Sienna also produced Trickster, the CBC Indigenous series that’s about to air in the U.S. on The CW. Thorne remembers learning about Trickster the first time he met Kawaja. She was talking about how the production was filling out key crew positions with Indigenous talent. And when they couldn’t find that talent for those roles, they built paid internships into their budget to develop that talent. That program will be expanded on the second season of Trickster with additional funding from CBC.
“That’s not a producer decision,” says Thorne, describing his first impressions of Kawaja. “That’s an activist decision.”
Thorne continues: “It takes individuals like [Kawaja and Sereny] to recognize people who have the talent and have done the work. And to put them in a position, and back them against a broadcaster who may be like, ‘I don’t knoooow.’”

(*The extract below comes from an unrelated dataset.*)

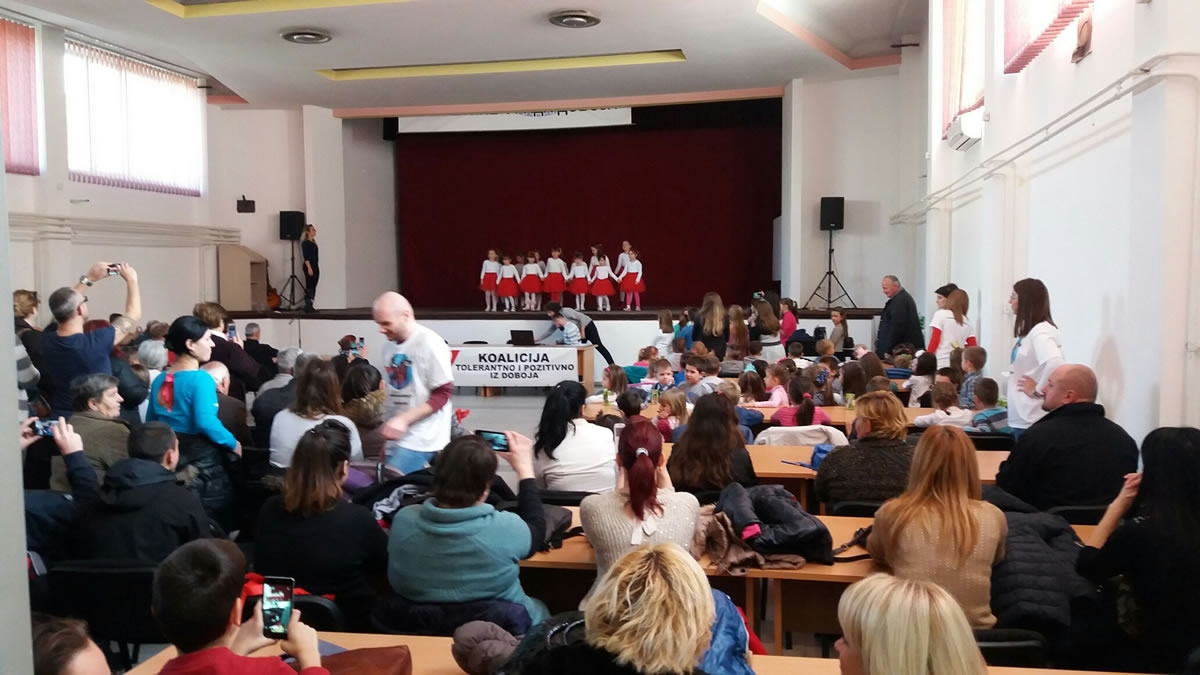 DOBOJ: Multietnički grad tolerancije (FOTO)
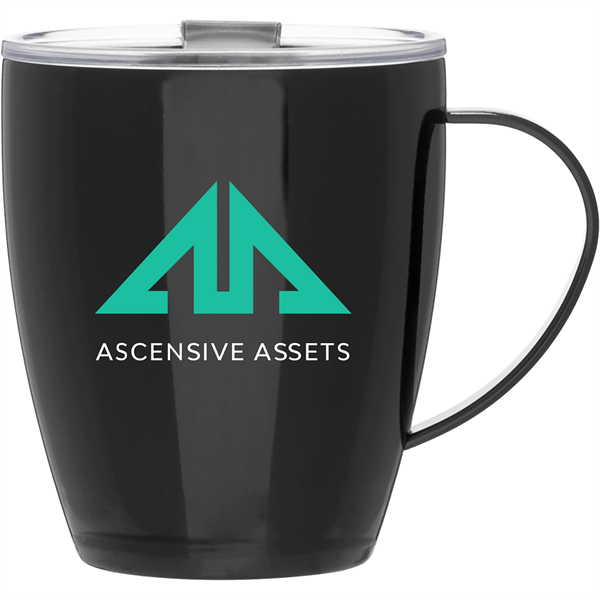 12 oz Haus Stainless Steel Insulated Travel Mug - 12 oz Haus Stainless Steel Insulated Travel Mug - Image 9 of 9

More than a decade since Pinnock and Ramsay conceived The Porter, the series secured the necessary financing and got the go-ahead to go into production – a week after George Floyd was murdered. Who can say if the timing was reactionary or coincidence? Does the fact that the project was already green lit before shield The Porter from assumptions that it exists because of post-Floyd white guilt?
“We were conscious of how these things could be perceived,” says Thorne, offering one reason why they kept the project quiet until now. Officer and Thorne say they put a little distance between the summer’s racial reckoning and subsequent fallout in the media and their announcement.
They’re very aware that broadcasters and funders will step up, so to speak, when a cultural moment puts institutions on the stand. And they’re also aware how that narrative can hijack Black stories.
Black projects carry the burden of the narratives we impose on them. Media like us can make it seem like Black stories are made to reflect or react to a moment; our default mode suggests that they must have some special reason to exist. Thorne and Officer don’t deny that narrative, but they don’t necessarily subscribe to it either.
“This happened because the project is important,” says Thorne. “And the team is important.”
“The net has been cast extremely wide,” says Thorne, when I ask about casting. He and Officer are chuckling, as if they have names in mind but they certainly aren’t telling me. All I can gather from the smug look on their faces over Zoom is that who they have in mind clearly has them excited.
“People were like, ‘Oh it’s going to be tough,’” Thorne adds, relaying warnings from the industry that Canada is lacking Black talent and casting a Black project this size will be a challenge. He puts on an “as if” face to sum up his thoughts, adding that he heard the same thing when searching for the multicultural cast of Utopia Falls.
“We just went across the country and there’s unbelievable talent here,” says Officer.
“We now have a database that we should share with every muthafuckin’ broadcaster in the country. Anyone who is looking for Black actors and saying they can’t find somebody, well, here you have it.”